- [Records for this task]:
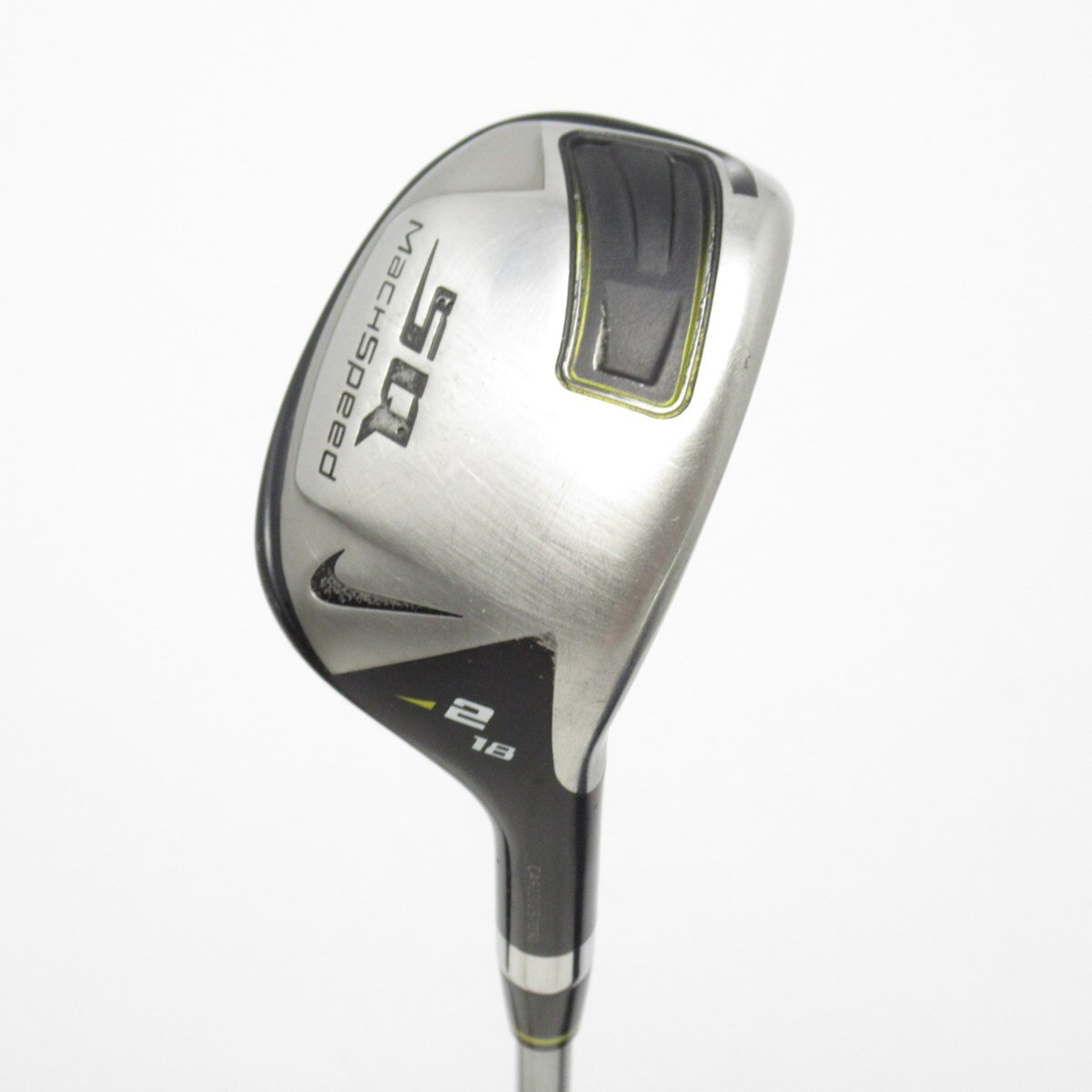 中古】SasQuatch Machspeed ユーティリティ SQ 510H 18 R D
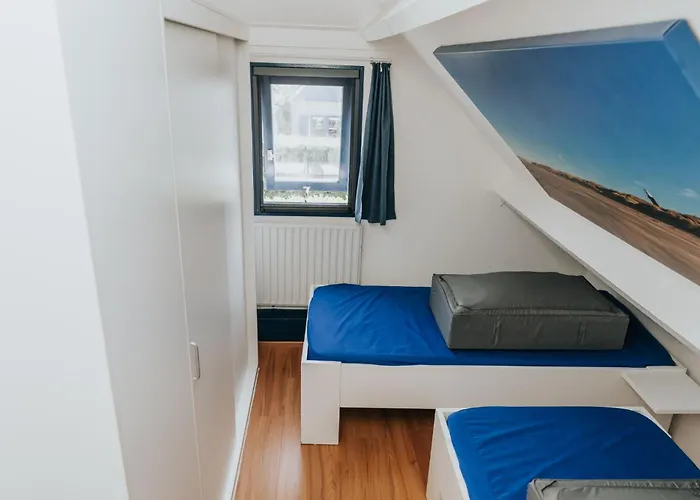 Gezinsvakantiewoning Nabij Strand, Kindvriendelijk Casa de Férias Ouddorp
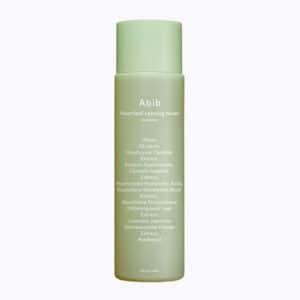 Abib Heartleaf Calming Toner Skin BOOSTER 200 ml - tónico facial coreano K-Beauty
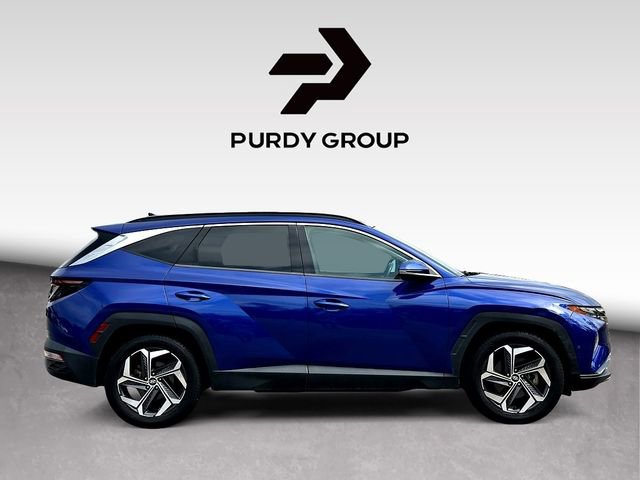 Used 2022 Hyundai Tucson Limited FWD image 9
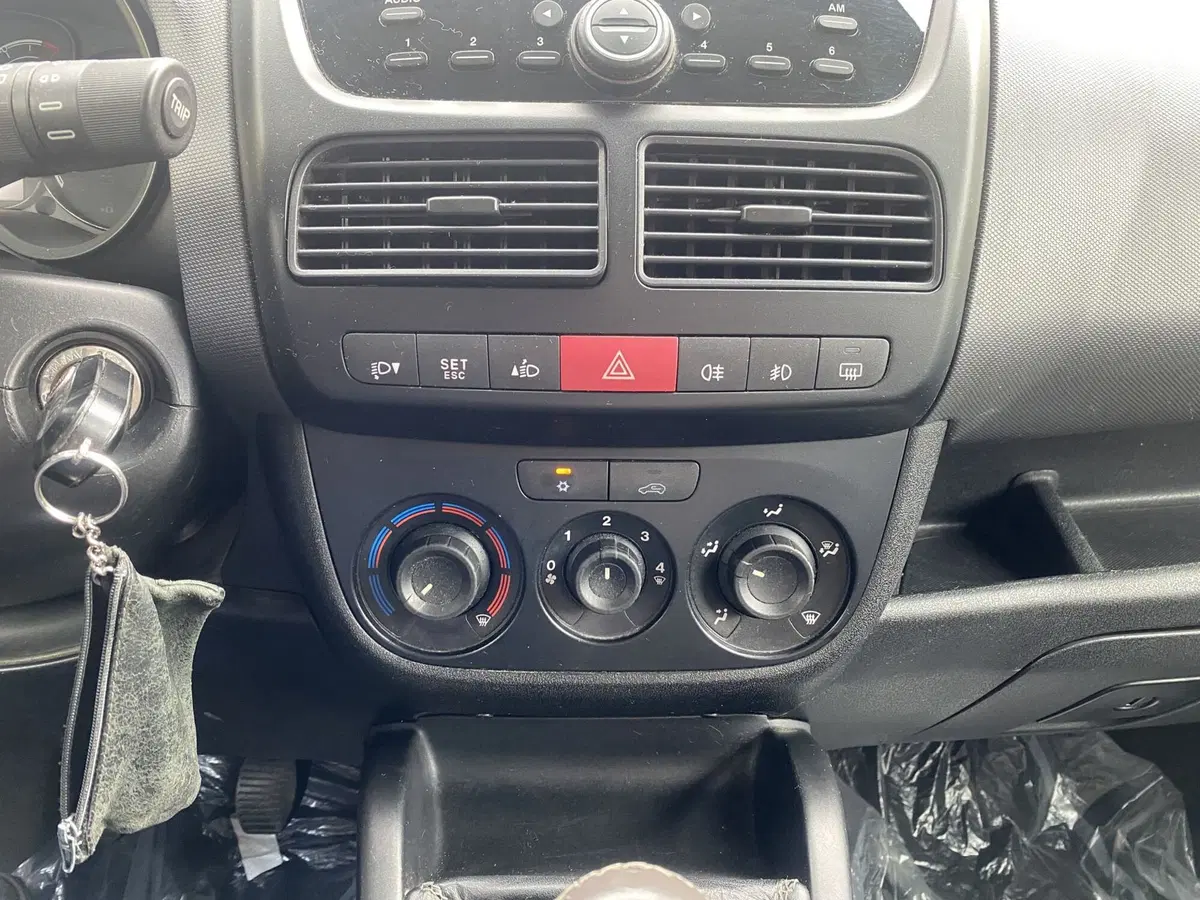 Fiat Doblò usata a La Spezia (15)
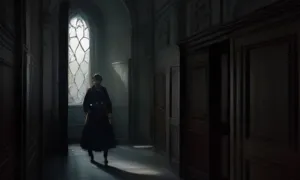 Příběh: Kostel svatého Jana Křtitele (Rakvice)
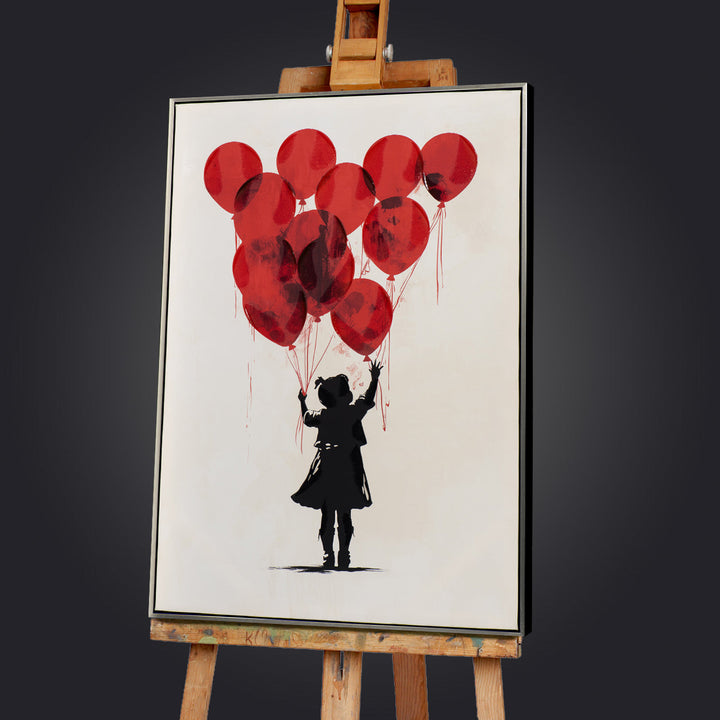 Ballon Girl
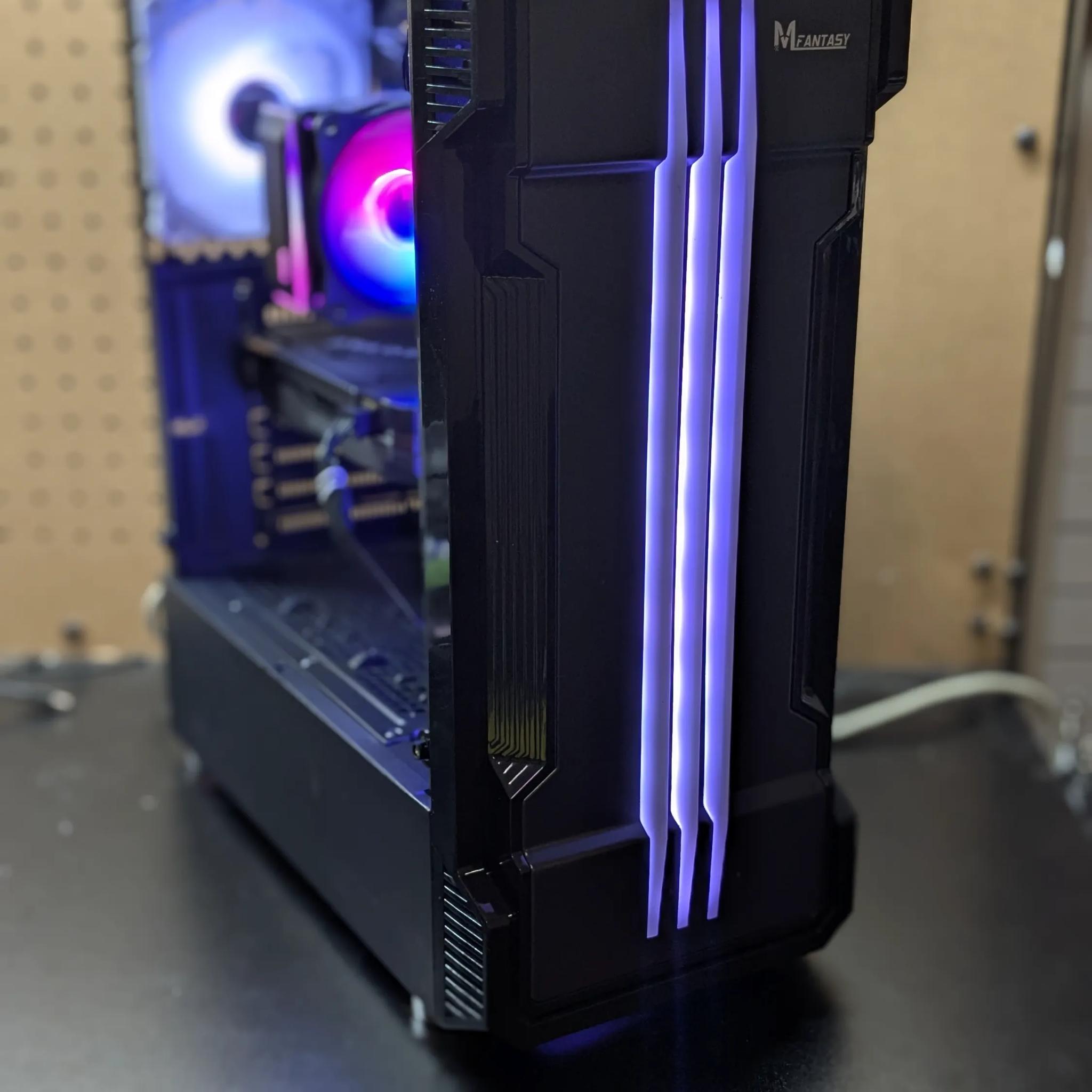 Rush B: 3 Stripe | 120 FPS Fortnite | Scratch and Dent | i5-4570, 16GB RAM, 480GB SSD, GTX 950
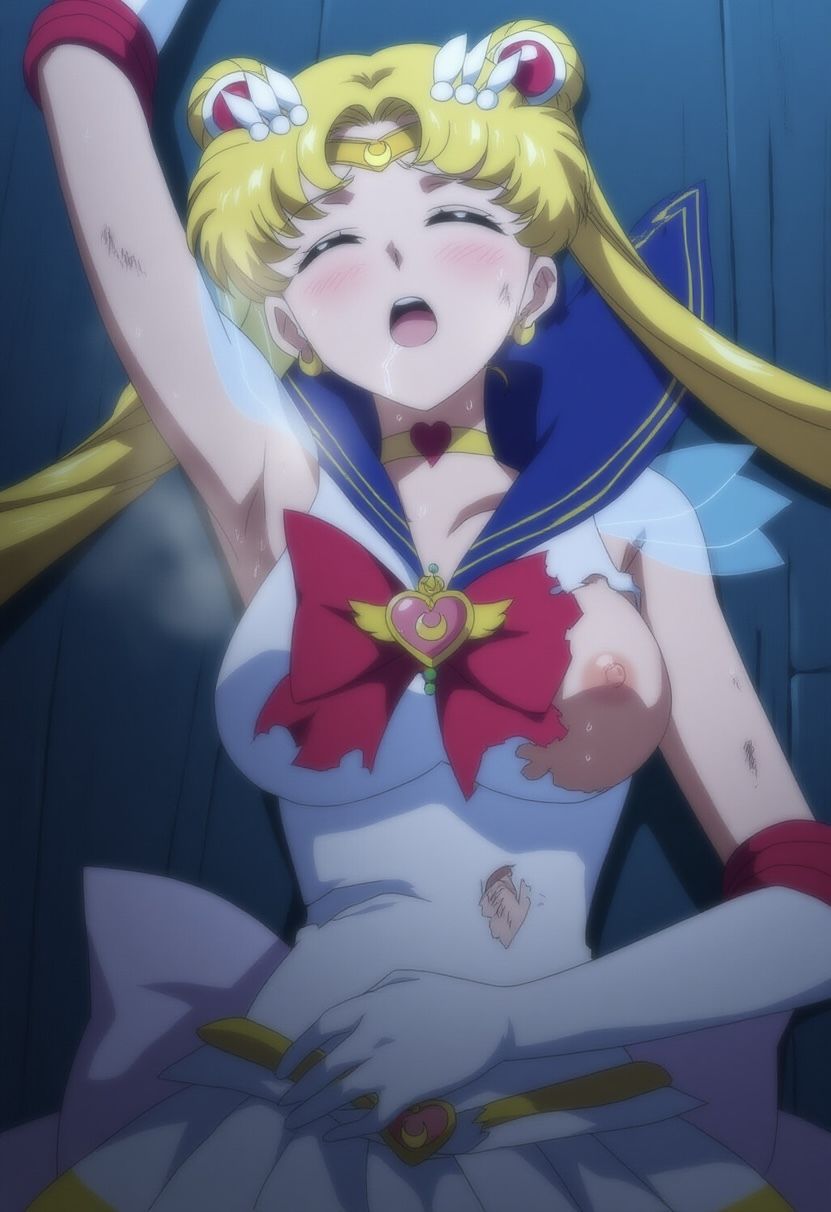 サンプル画像1:R-18スーパーセ○ラームーン2(プレゼント) [d_583445]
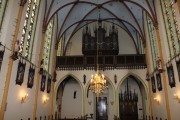 Kościół p.w. Matki Boskiej Bolesnej - prace remontowe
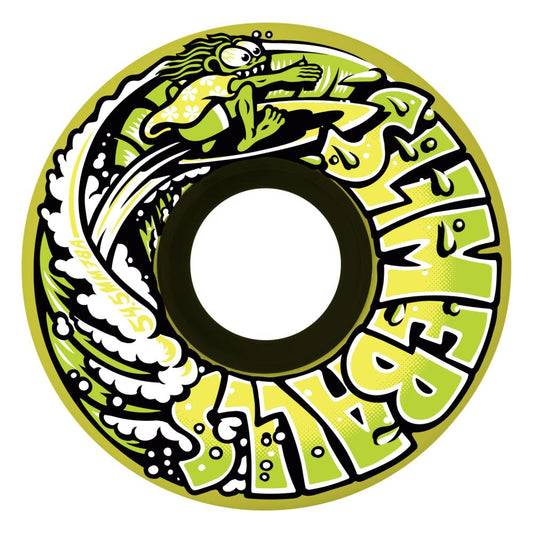 Santa Cruz Slimeballs Slime surfer wheels 54.5mm
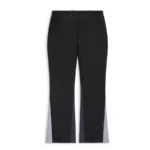 GD SWEATPANT FLARE Vintage Black Back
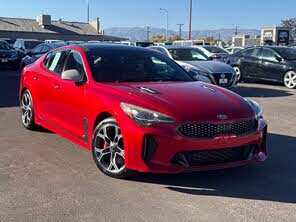 Kia Stinger GT2 AWD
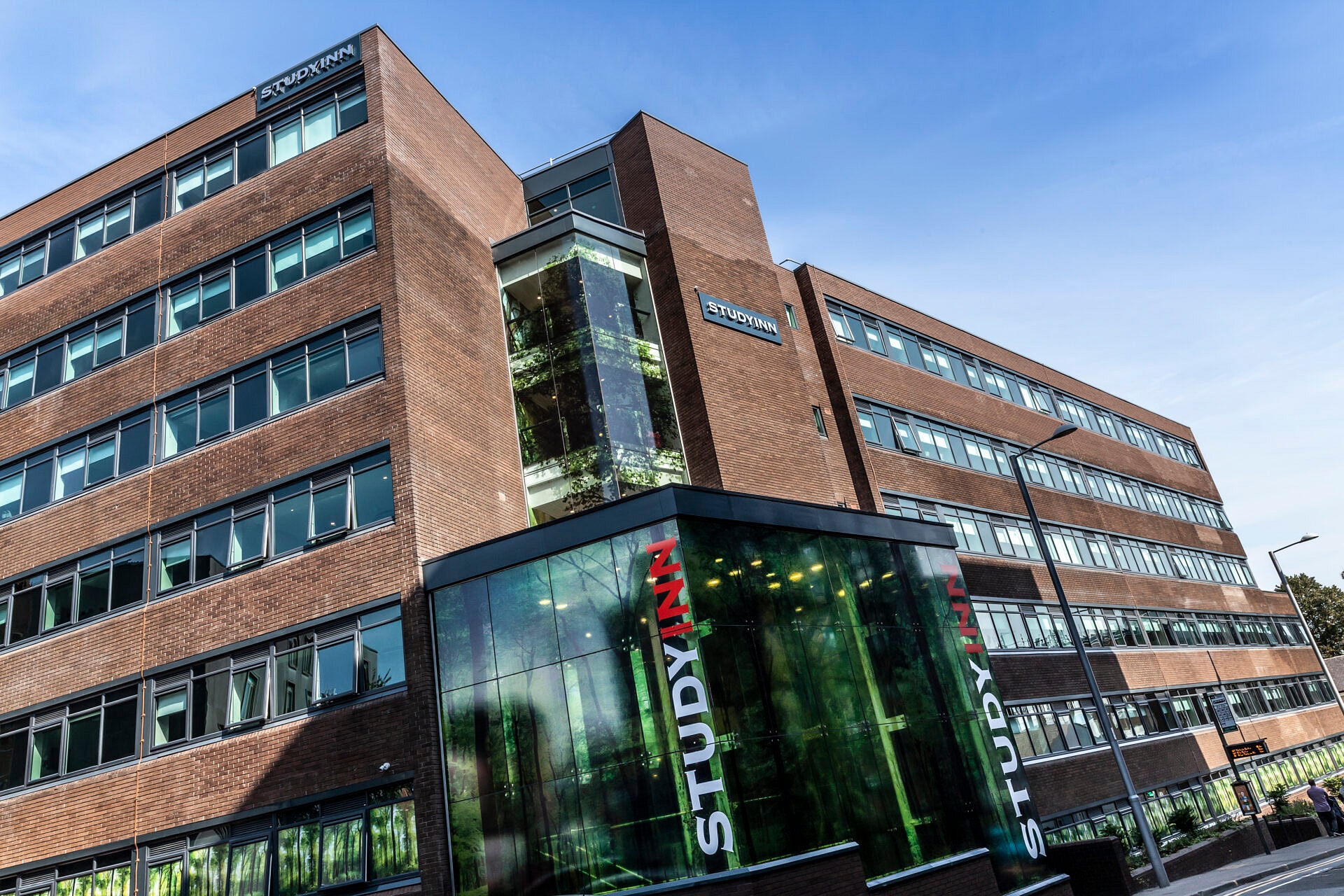 Study Inn — student accommodation photo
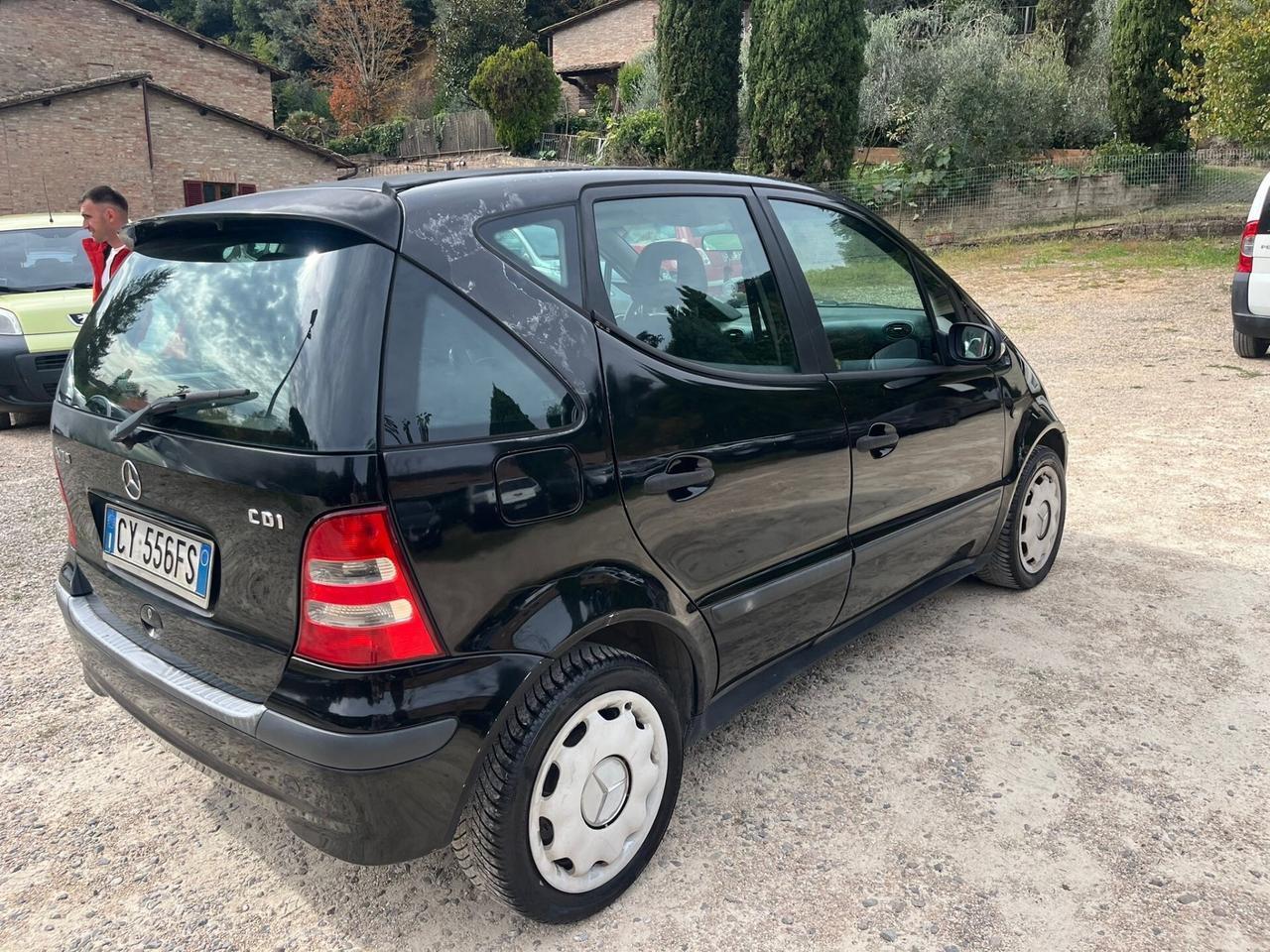 Mercedes-benz A 170 CDI cat Avantgarde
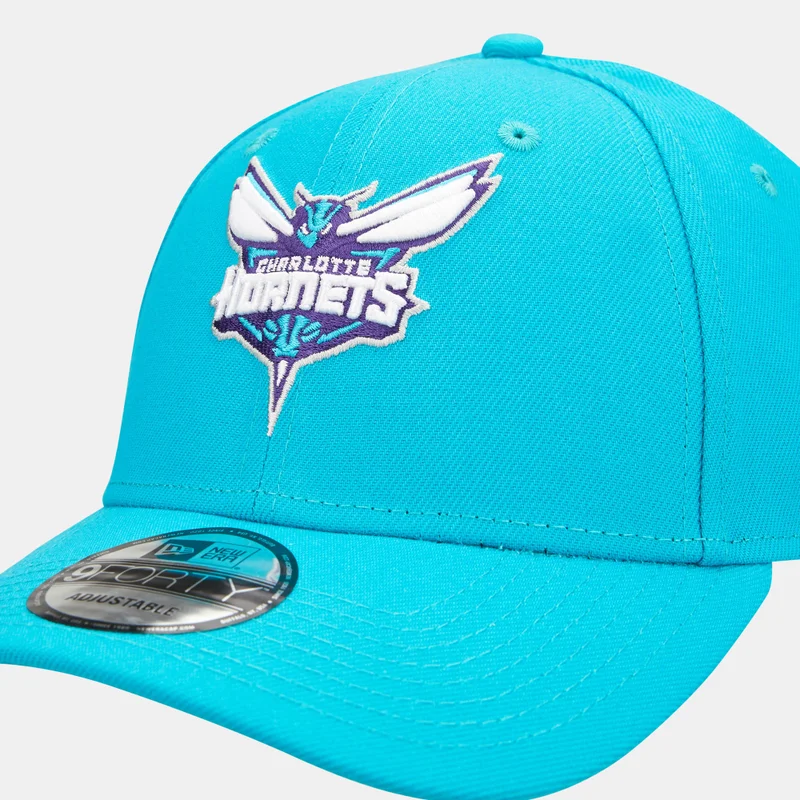 NEW ERA Men's Charlotte Hornets The League 9FORTY Cap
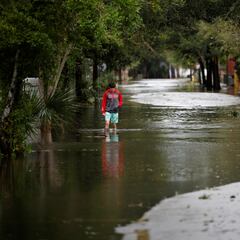 What is the total economic damage caused by Hurricane Ian in Florida?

- [Assigned task]:
When the listing is transcribed, every line must match the original exactly, and the pictures must be left out.

- [Answer below]:
 中古】SasQuatch Machspeed ユーティリティ SQ 510H 18 R D
 Gezinsvakantiewoning Nabij Strand, Kindvriendelijk Casa de Férias Ouddorp
 Abib Heartleaf Calming Toner Skin BOOSTER 200 ml - tónico facial coreano K-Beauty
 Used 2022 Hyundai Tucson Limited FWD image 9
 Fiat Doblò usata a La Spezia (15)
 Příběh: Kostel svatého Jana Křtitele (Rakvice)
 Ballon Girl
 Rush B: 3 Stripe | 120 FPS Fortnite | Scratch and Dent | i5-4570, 16GB RAM, 480GB SSD, GTX 950
 サンプル画像1:R-18スーパーセ○ラームーン2(プレゼント) [d_583445]
 Kościół p.w. Matki Boskiej Bolesnej - prace remontowe
 Santa Cruz Slimeballs Slime surfer wheels 54.5mm
 GD SWEATPANT FLARE Vintage Black Back
 Kia Stinger GT2 AWD
 Study Inn — student accommodation photo
 Mercedes-benz A 170 CDI cat Avantgarde
 NEW ERA Men's Charlotte Hornets The League 9FORTY Cap
 What is the total economic damage caused by Hurricane Ian in Florida?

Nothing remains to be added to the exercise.